MIS partitioning has been predicated on the assumption that there are no indices for purely MIS purposes. This is a reasonable approach for our particular application, but in general, it could be considered an undue restriction, so future work could investigate an augmented cost model which caters for this requirement.

In some cases it may be impossible to attain the goal of equal sized partitions with low cardinality domains. For example, if the data space is partitioned on gender, and the data is skewed, there is nothing that can be done. However, nothing prevents us (at least in abstract) from having different partitioning values for sub-partitions of the male/female partitions. Kerridge and North's DSDL is designed to support any partitioning strategy we require, as well as any allocation of partitions to discs [KERR91b]. For example, if we had a male:female ratio of 3:4, we could create 3 sub partitions for the 'male' partition, and 4 sub-partitions for the 'female' partition, with the result that we have 7 equal sized partitions in total. However, this solution could pose analytic difficulties.

There is a trade-off between the number of partitions and the query size in each dimension, and the number of dimensions. For example, if *QS* is small in one dimension, *i*, but there are many dimensions, then increasing the partitioning of dimension_{i} is probably not a good idea, since it could increase directory costs to a greater extent than the savings, as well as degrading consecutive retrieval. Conversely, in low dimensional partitioning (the degenerate case being a single dimension), if *QS* is small, partitioning can in all probability safely be increased.

It has been shown why large MIS partitions are appropriate for the problem in hand. A static partitioning strategy is currently used in IDIOMS. As discussed, other researchers are investigating the use of the Grid File for databases on shared nothing multi-processor database machines, and it would be appropriate to do likewise, in spite of the known limitations (e.g. directory cost, not designed for low cardinality domains, no guaranteed consecutive retrieval).

As stated by Nievergelt et al. [NIEV84] usage patterns could be monitored and used (in conjunction with data distribution patterns) to dynamically alter the partitioning, so that columns which are not prominent in query predicates are removed from the partitioning scheme.

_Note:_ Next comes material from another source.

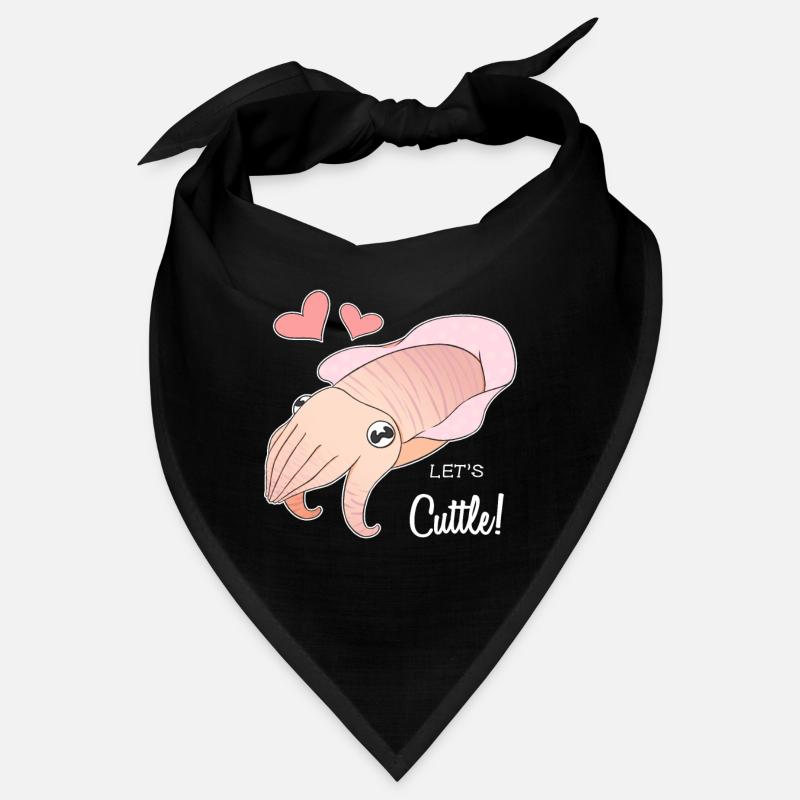 Let's Cuttle! Seiche mignon et drôle romantique Bandana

A similar method, but with consideration given also to *QS* as well as just column reference, might allow a more flexible and yet still practical solution to MIS partitioning.

One issue not addressed in this work is the distribution of full and empty pages within a partition, and how this affects the metrics proposed. An implicit assumption has been that there are areas within each partition which are empty, i.e. the required data is not necessarily contiguous from the start of the partition (contiguous data could only improve matters).

Large joins can be a problem, and many methods have been presented to aid these (see Mishra & Eich [MISH92] for a survey). One option is partitioned joins (e.g. 2 × (0.5*n*)^{2} + merge cost is less than *n*^{2}), so a rather obvious addition to the MIS partitioning model would be to incorporate the requirements for joins. Join query predicates would need to be analysed in order to be able to determine a suitable partitioning (in conjunction with that for selection) for each of the possible partitioning dimensions.

Directory cost has not been included in the model since it will be small in the case that there are only a few thousand partitions. However, further research should be done to quantify the cost.

An implicit assumption underlying space partitioning is that data values of the partitioning columns are known. This is perhaps unrealistic, and future work could investigate how unknown (i.e. NULL in SQL terms) data values might be dealt with in a partitioned file structure.

"I also will here make an end of my book. And if I have written well and to the point in my story, this is what I myself have desired; but if meanly and indifferently, this is all I could attain unto." II. Maccabees, The Apocrypha.